The most common thing people have is a necklace, with a crystal-like pendant that glows in the vicinity of the destined Half.
Some people have tattoos that correspond with your Half's.
Other persons have a strip of their Half's hair color that changes accordingly if one decides to dye their hair.
The most rare of all is blindness of the other's eye color. In this rarity, when you meet your Half and look into their eyes, it'll be the first time you see that certain color, and you'll fall in love, yadda, yadda, ya, and then you'll live Happily Ever After, yadda, yadda, ya.
Instead of breaking your heart and soul over and over through trial and error.
I've read about that world, and it sounds really horrible.
But people always, somehow, find their love against all odds, and go on with their happy lives; the ups and downs, and 'getting through's.
They have it good in my opinion, because there is still a 50% chance that they'll find love again.
But here, there's a seven-year time bracket for when you're supposed to meet your Half. It starts at seventeen and ends at twenty-four years old.
But once you pass that time bracket, you'd better just down some bleach or jump off a cliff, since life would be completely and utterly useless without them.

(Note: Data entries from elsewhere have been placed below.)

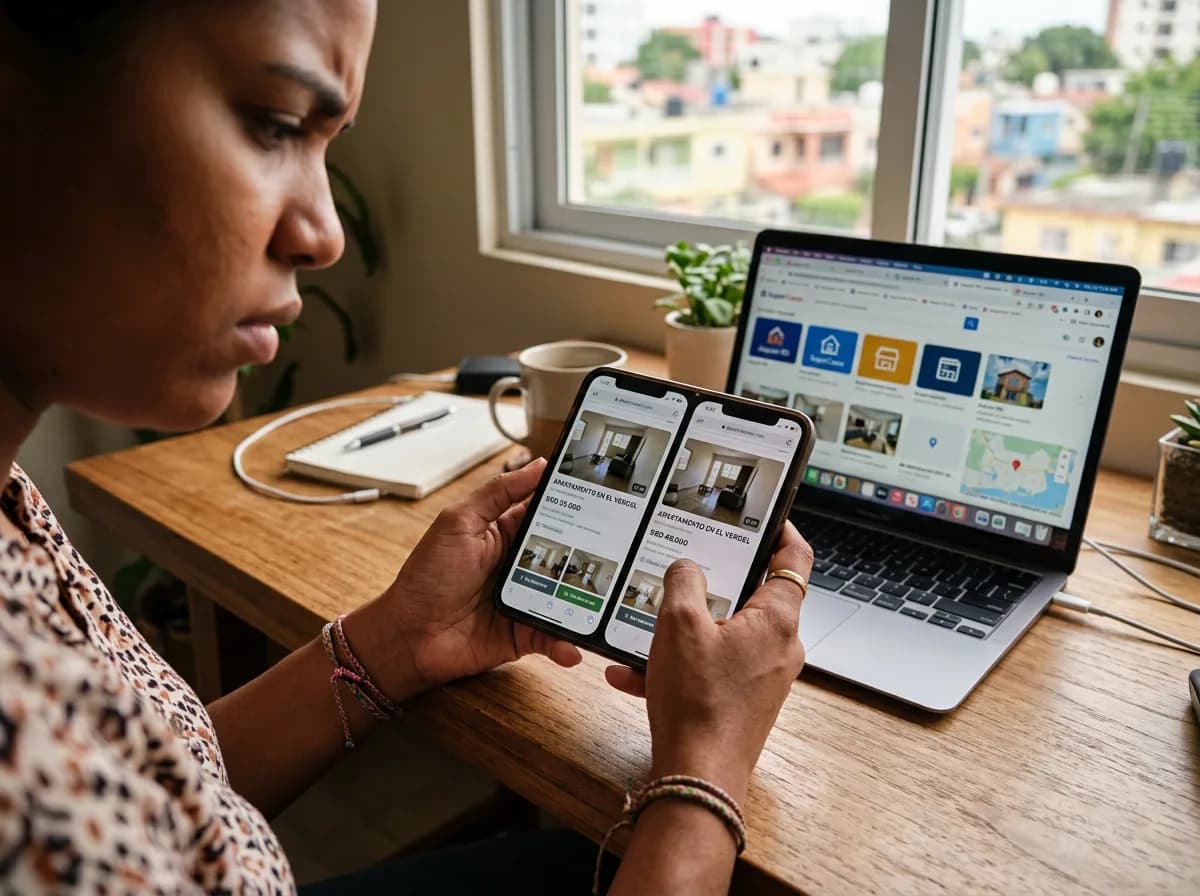 Manos de compradora dominicana comparando diferentes precios de la misma propiedad en su teléfono móvil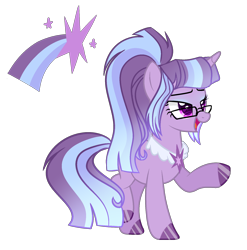 Size: 1782x1802 | Tagged: safe, artist:just-silvushka, imported from derpibooru, oc, oc only, pony, unicorn, base used, eyelashes, female, glasses, hoof polish, horn, magical lesbian spawn, mare, offspring, parent:trixie, parent:twilight sparkle, parents:twixie, raised hoof, simple background, smiling, solo, transparent background, unicorn oc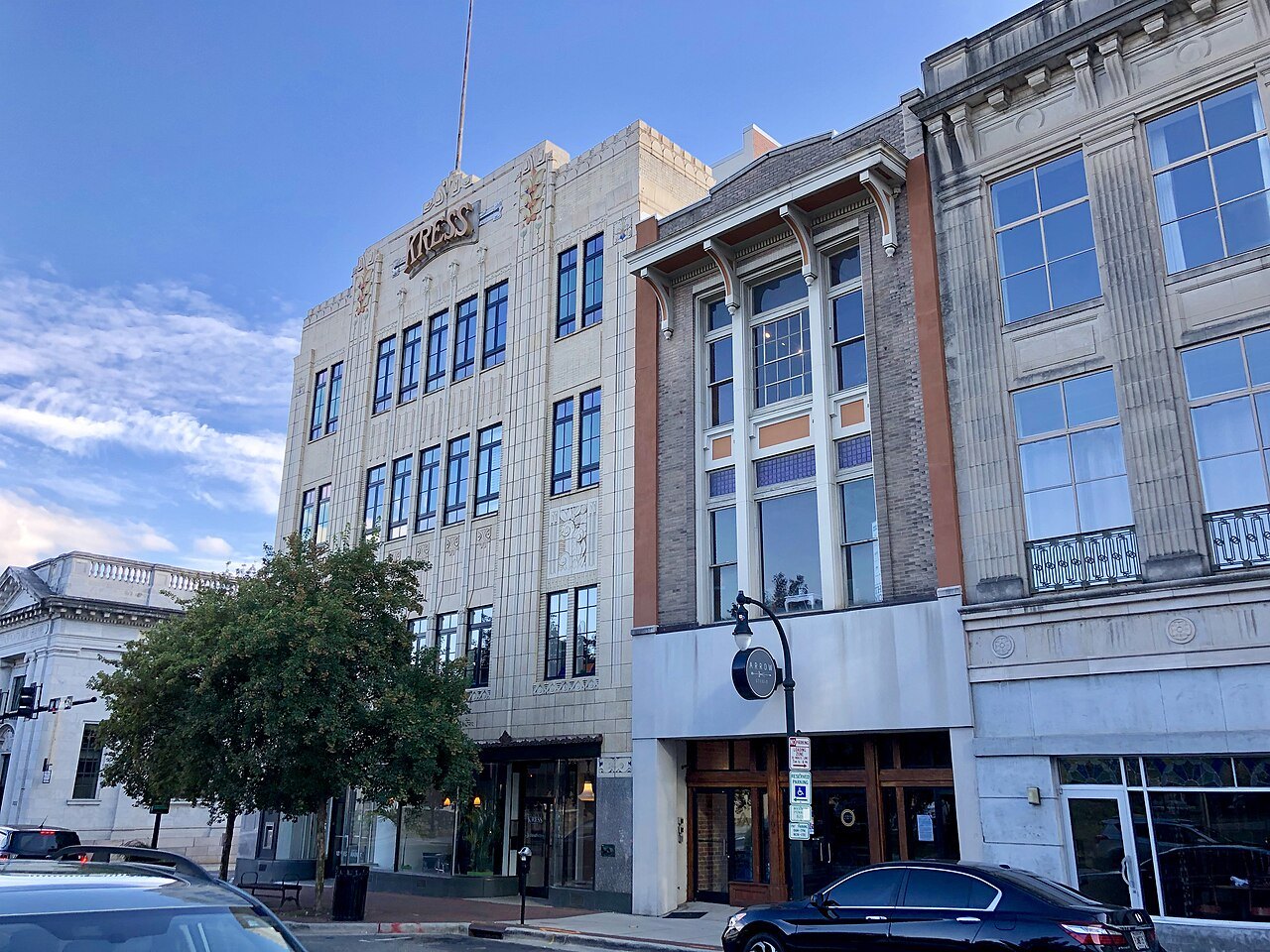 Old commercial buildings along a downtown street in Durham.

It sounds harsh, but it's true. I've seen it first hand.
It was my brother, Jupiter.
Like everyone else, he traveled the world in his twenty-third year, and even during his twenty-fourth year. Once he got to his twenty-fifth year however, he sank into depression, and in his twenty-sixth year, I watched on with his friends and my family as his casket was lowered into the ground, my parents crying bloody murder, and his best friends cursing the Gods above, below and all around us.
I was numb. I didn't know what to feel at all. But there was this horrifying feeling set in my mind and a knot in my gut that told me that I would have the same fate, no matter how many times I shook it off or got reassurance from my friends who already did have their Half.
I envied those who found their love more than I'd like to admit, but my role model, my aunt Janice, lived for forty-five years without her Half.
According to her, "Forging your own piece to yourself is better than sitting around and waiting for it to come running into your arms and sweeping you away from your troubles."
I really want to take her advice and shout, "Blasphemy!", like she did; but when you watch all your friends find their Half and attend their wedding mere months later while you're halfway through your twenty-fifth year with no hope of finding your Half, you'd want to take the easy way out too like Jupiter did.
But there's one thing about Ginevra Morgenstern. She does not take the easy way out.
Universe, prepare yourself.
I shall trumpet the beautiful word 'blasphemy' to every corner of your vastness, nice and loud.